Power Your Edge AI Application with the Industry’s Most Powerful Arm MCUs

时间： 2023-11-03 来源：RENESAS Blogs

技术问答

选型帮助

研发客服

商务客服

The Internet of Things is exploding. Devices are connected and communicating with one another, enabled by ubiquitous wired and wireless connectivity. This hyper-connectivity allows the collection of massive amounts of data that can be harvested, analyzed, and used to make intelligent decisions. The ability to draw insights from data and make autonomous decisions based on these insights is the essence of Artificial Intelligence (AI). The combination of AI and IoT or Artificial Intelligence of Things (AIoT), enables the creation of “intelligent” devices that learn from data and make decisions without human intervention.

There are several drivers of this trend to build intelligence on edge devices:

Decision-making on the edge reduces latency and cost associated with cloud connectivity and makes real-time operation possible
Lack of bandwidth to the cloud drives computing and decision-making on edge devices
Security is a key consideration – requirements for data privacy and confidentiality drive the need to process and store data on the device itself

AI at the edge, therefore, provides advantages of autonomy, lower latency, lower power, lower bandwidth requirements, lower costs, and higher security, all of which make it more attractive for new emerging applications and use cases.

The AIoT has opened up new markets for MCUs, enabling an increasing number of new applications and use cases that can use MCUs paired with some form of AI acceleration to facilitate intelligent control on edge and end-point devices. These AI-enabled MCUs provide a unique blend of DSP capability for computing and machine learning (ML) for inference and are being used in applications as diverse as keyword spotting, sensor fusion, and vibration analysis. Higher-performance MCUs enable more complex applications in vision and imaging such as face recognition, fingerprint analysis, and object detection.

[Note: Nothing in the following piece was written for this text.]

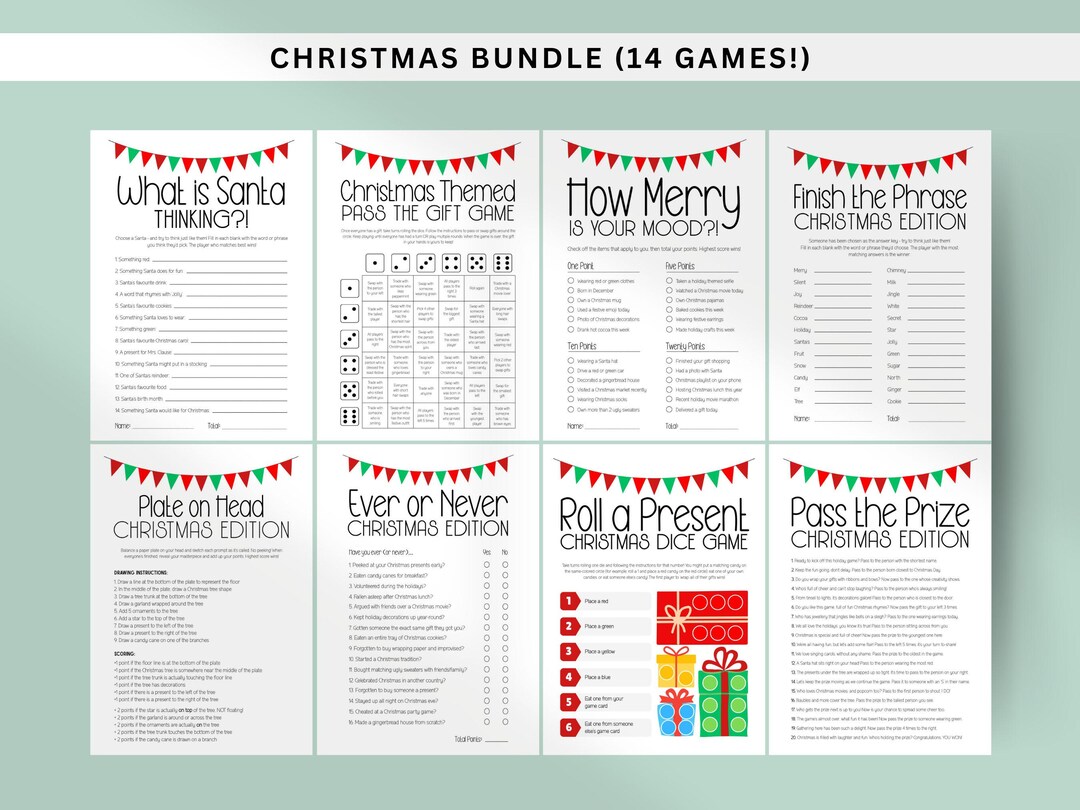 Christmas Game Bundle, Printable Christmas Games for Kids and Adults ...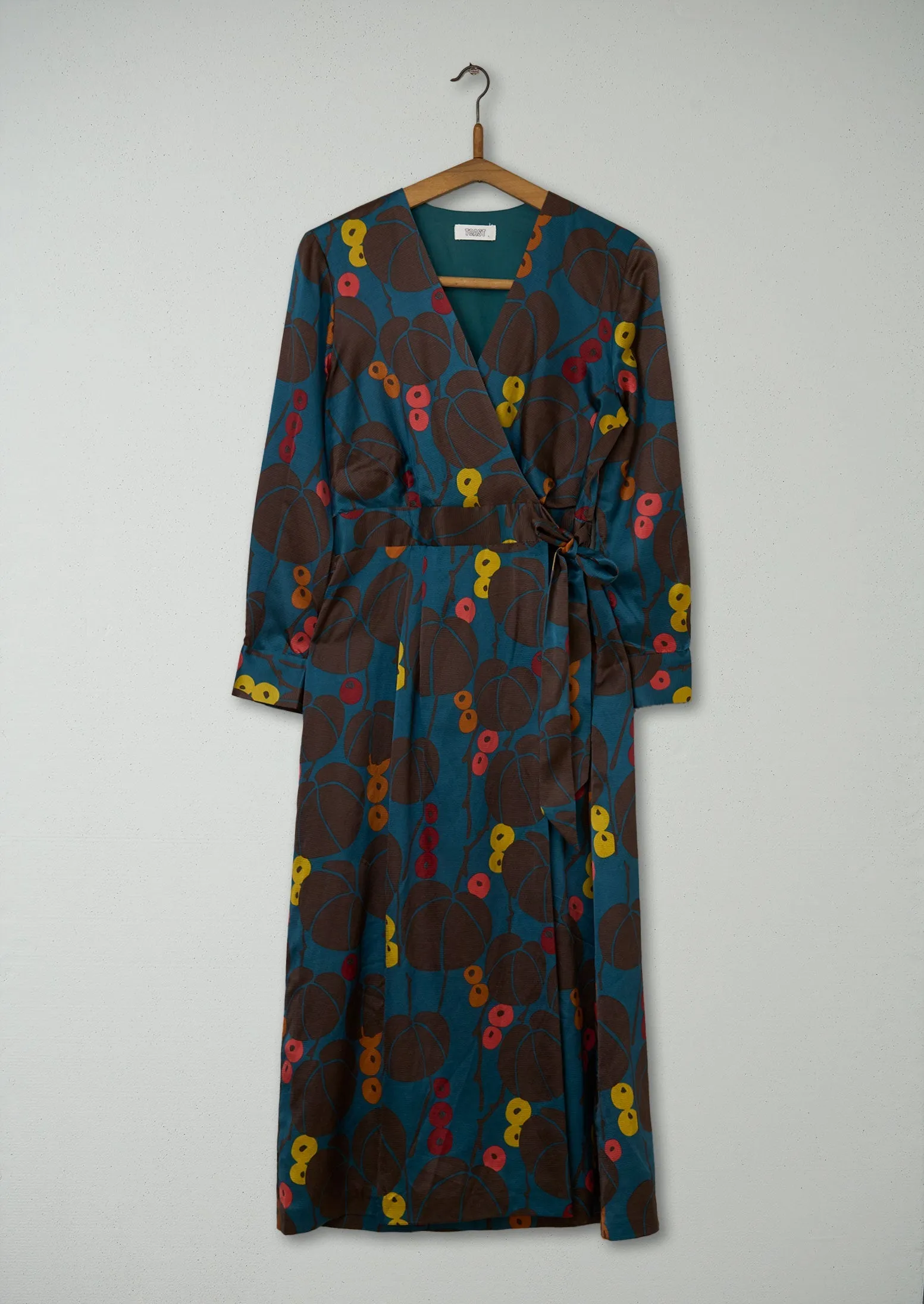 Reworn Berry Wrap Print Dress Size 6 (944) | Dark Teal sold by TOAST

Neural networks are used in AI / ML applications such as image classification, person detection, and speech recognition. These are basic building blocks used in implementing machine learning algorithms and make extensive use of linear algebra operations such as dot products and matrix multiplications for inference processing, network training, and weight updates. As you might imagine, building AI into edge products requires significant computing capability on the processors. Designers of these new, emerging AI applications need to address demands for higher performance, larger memory, and lower power, all while keeping costs low. In days past, this was the purview of GPUs and MPUs with powerful CPU cores, large memory resources, and cloud connectivity for analytics. More recently, AI accelerators are available that can offload this task from the main CPU. Other edge computing applications such as audio or image processing require support for fast multiply-accumulate operations. Often, designers opt to add a DSP into the system to handle the signal processing and computational tasks. All these options provide the high performance required but add significant cost to the system and tend to be more power hungry and thus not suitable for low-power and low-cost endpoint devices.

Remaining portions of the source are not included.